Cheetham wryly notes in the preface that a friend observed, on hearing of his first book on Corbin’s work, “I see that you have become the student of a student of Sufism.” Mysticism and magic are of course rife with second-hand, third-hand, and even more removed and abstracted information and “knowledge”. Cheetham is modest enough not to completely shun the implications of his apparent distance from authentic transmission. And yet, savouring his language in a garden softened with a warm breeze, it is clear that his thoughts and perceptions are not to be classed with the seven-times-removed nature of some works on spirituality. His passionate engagement with Corbin’s thought transforms his “research” into something more than scholarship. In approaching some rather abstruse and easily ridiculed religious traditions with rigour and a critical eye, he brings them alive for the post-psychological West.

While politics are certainly not at the forefront of these essays, Cheetham’s references to the relevance of mysticism to the social ills of the present world are in some ways central. Chiefly informed by the Austrian philosopher Ivan Illich, he grounds the social role of spiritual consciousness in much the same way as Terence McKenna grounded psychedelics:

Neediness is the opposite of freedom and is a form of idolatry; what it idolizes are things, or people regarded as things; and things never suffice. The human economy depends upon this idolatrous relation and the calculus of values that it requires.

As with McKenna’s “thing fetishism”, Cheetham’s analysis highlights the way in which the boundary-dissolving trances of gnostic traditions can unwind the binding trances of consumerism and idolatrous religion.

Countering the false opposition between materialism and all-out renunciation, he points out that the meaning of “asceticism” and “chastity”, so fundamental to mystical traditions, have been distorted by our unbalanced culture:

There are deep connections between ascesis and aesthesis, between conscious and careful renunciation and attention to the beauty and animation of the world.

We see a similar distortion in our contemporary use of the word “epicurean” to refer to unbridled sensual indulgence and ingestion of luxury, when Epicurus and the members of his school advocated a kind of moderate asceticism, a refusal to let the delicate, subtle pleasures of life be suppressed or swept away in a tide of grasping desire.

The polarization of asceticism and indulgence loses the distinction between free, open engagement with the world of incarnation, and neurotic entanglement. The paroxysmal renunciation of indulgence casts both aside, leaving the hairshirt ascetic vying with the obese glutton, or with the dullard whose bridges to the living world have been burned. The disciplined, open-hearted yea-sayer is lost.

In our present world, with obscene indulgence and famine competing for headlines, Cheetham’s accessible and thoroughly intelligent exposition of traditions of mysticism, poetry and gnosis that try to attack the roots of these horrors couldn’t be more welcome.

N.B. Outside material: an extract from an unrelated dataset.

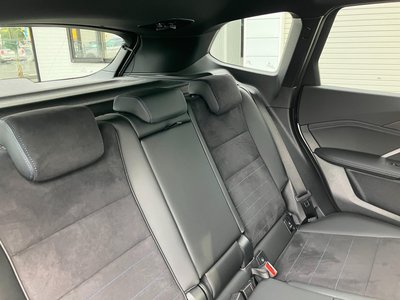 صورة مصغرة 37 لـ 2025 BMW X1
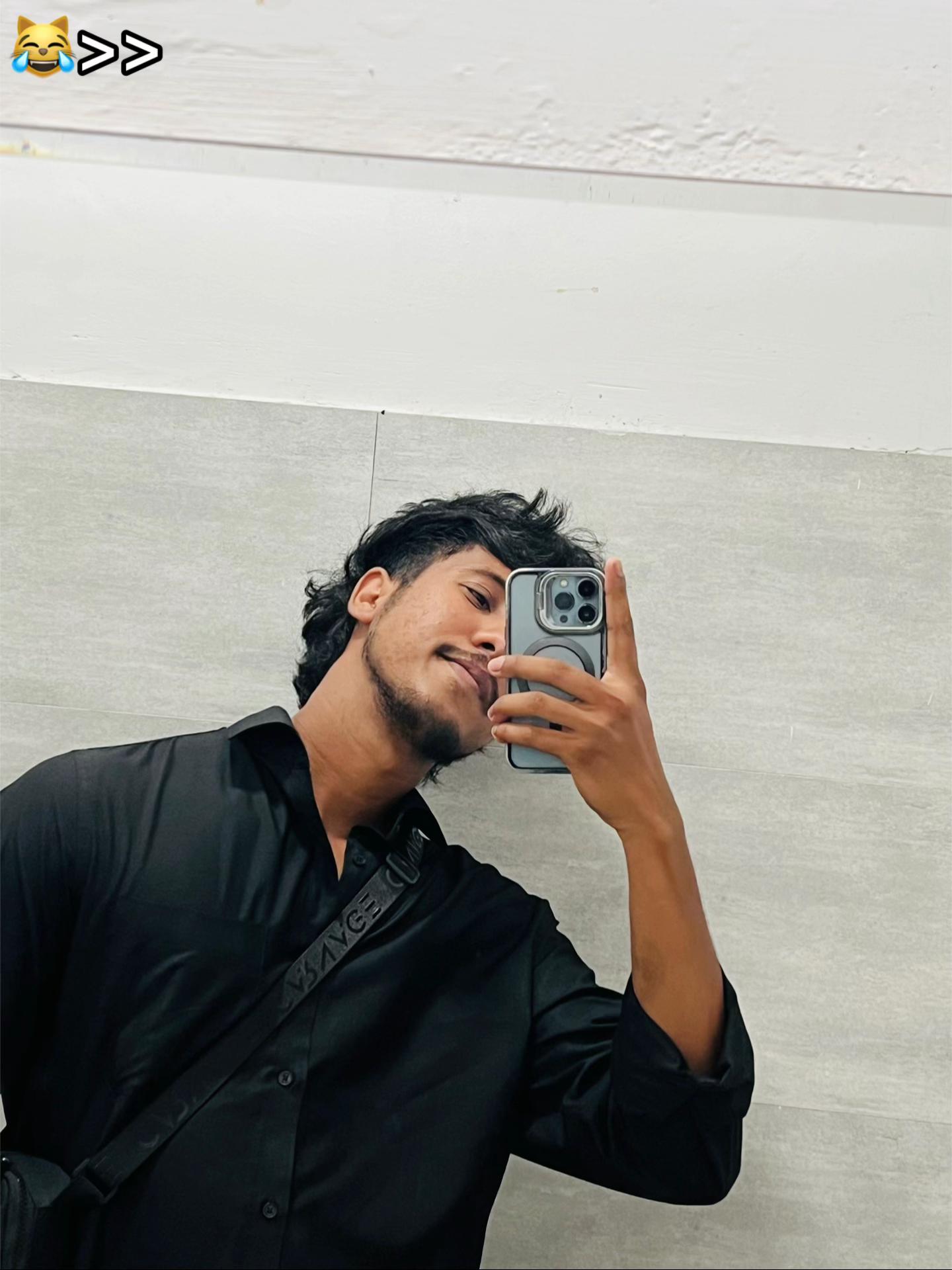 @sheyan_21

The environmental debate gets bogged down repeatedly as activists who aren’t corporate-friendly are accused of wearing hairshirts. Perpetual growth vs. mortifying contraction. Gone is the idea that the ruler measuring our success here might not be the only one. Cheetham advocates “counter-technologies” based on poetry, aligning him with a tradition of aesthetically-motivated refusal that is often as fragile and in danger of obliteration as the radiantly affirmative perceptions it seeks to cultivate.

He also manages to filter a surprising amount of humanism out of these esoteric schools of thought, arguing convincingly that the angelology of Corbin and his Sufi subjects, which posit a divine, angelic counterpart to each creature, actually forms the grounding for true personhood. The idolization of things is seen as manifesting along with treating people as things, and the intuitive sense of spiritual extension to the immediate, felt encounter with another person is seen as rescuing us from the abyss of depersonalization. It’s a subtle point, easy to lose among the grosser aspects of the monotheist traditions surrounding it, or in the New Age associations of “angels”, but Cheetham’s success in bringing esoteric religion into direct confrontation with the central problems of our culture has to be respected.

Sometimes the theological discourse here leaves me losing sight of the relevance of mysticism and Gnosticism to the pressing issues of the world today; even then, Cheetham’s skilful analysis works just fine as a tool for the deeper appreciation of some of the stranger treasures of human culture. But running throughout this valuable book is something immensely courageous, and perpetually relevant: “a quest to be open to the world without fear of violation”.